Lavorare il vetro in chiave contemporanea. 6 artisti giapponesi in mostra a Milano
Tradizione, modernità e richiami plastici all’Occidente si mescolano nelle opere dei sei artisti in mostra alla Esh Gallery di Milano
Fino al 26 novembre Esh Gallery dà spazio al lavoro di sei artisti giapponesi che utilizzano il vetro sia per dare voce alla propria espressività sia per plasmare e riformulare l’idea di un’estetica globale. Il vetro permette di giocare assumendo un’identità ibrida tra arte, design e sapienza artigianale, grazie alla trasparenza, alla versatilità e all’inalterabilità chimica.
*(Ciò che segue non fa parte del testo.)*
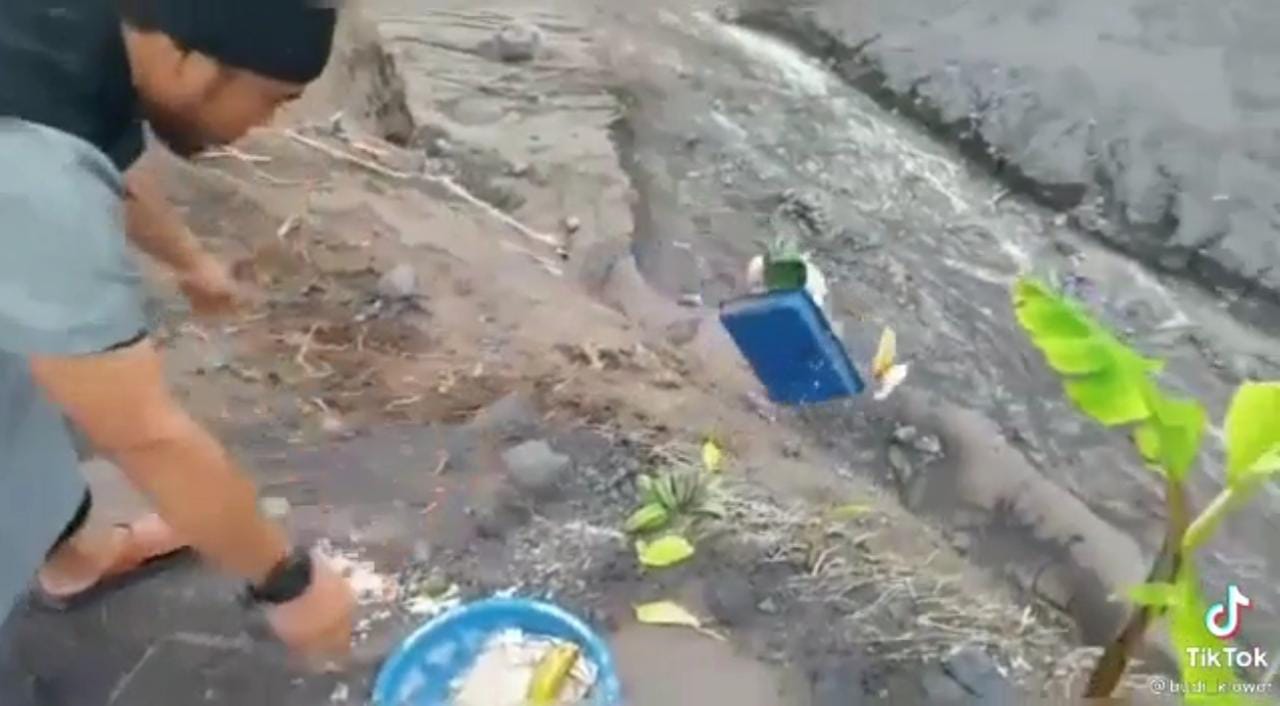 Viral Video Pria Tendang Sesajen di Lokasi Erupsi Gunung Semeru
Ryo Sekino realizza due vasi dalle forme mitigate e morbide; il vetro opaco, bianco latte, viene “inciso” da fessure filiformi che catturano la luce. Se nella millenaria arte del Kintsugi la frattura è enfatizzata dall’oro, qui è la luce che inebria, facendo risplendere, il cuore interno. Runa Kosogawa, con The petal that reminds, propone un petalo blu, malinconico ma affusolato come la punta di una lancia in ossidiana (non per niente un “vetro naturale”).
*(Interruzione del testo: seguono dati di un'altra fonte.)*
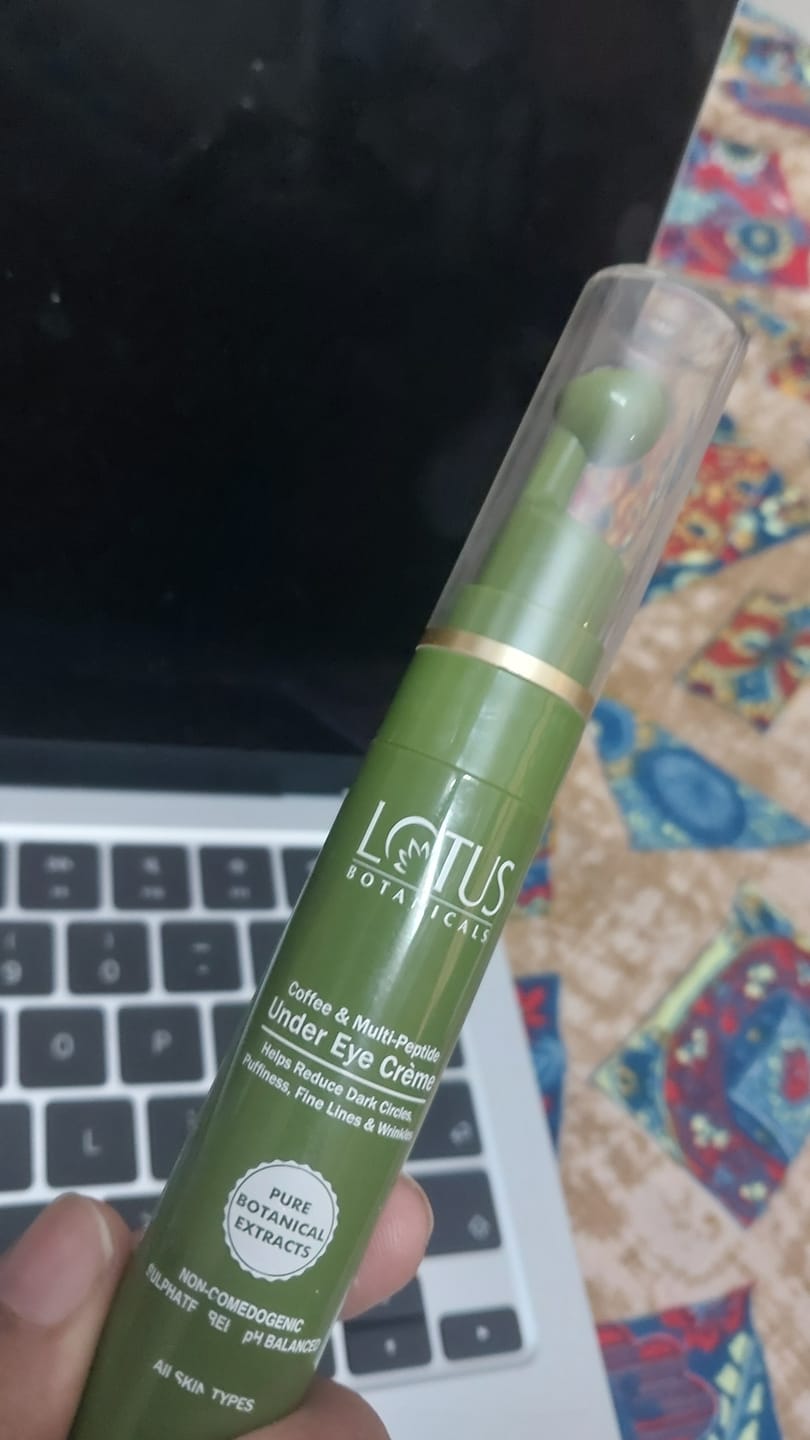 Customer photo review of Coffee and Multi-Peptide Under Eye Crème with Vitamin E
GLI ARTISTI IN MOSTRA ALLA ESH GALLERY
Il lavoro più sorprendente è quello di Shohei Yokoyama, tra gli artisti finalisti del LOEWE Craft Prize. Se è vero che il vetro non cristallizza (ha una struttura amorfa), Yokoyama riesce a intrappolare la natura fluida dello stato precedente, liquido, con la fibra del materiale. Le sue creature simulano dei nastri plastici che, germogliando in molteplici volute e nodi, creano un vortice danzante. Ōki Izumi, artista d’adozione milanese, opta invece per il vetro industriale dal colore glauco, acquamarina, ideando delle architetture enigmatiche e pluristratificate: dei palazzi in miniatura, padiglioni trasparenti pieni di riverberi luminosi. In Ritmo della città sembra di ammirare uno skyline composto di slanciati grattacieli newyorkesi. La sua opera si ispira, nonostante le apparenze, alla natura e alla cultura zen. In ultimo, Yoshiaki Kojiro crea delle opere dense, quasi impenetrabili: il bianco di Sinking Composition sembra simulare la patina della neve, nella quale si inabissano squarci profondi. L’indaco scuro di Structural blue sposa una superficie all’esterno liscia e vellutata che diventa all’interno scabra e granulosa.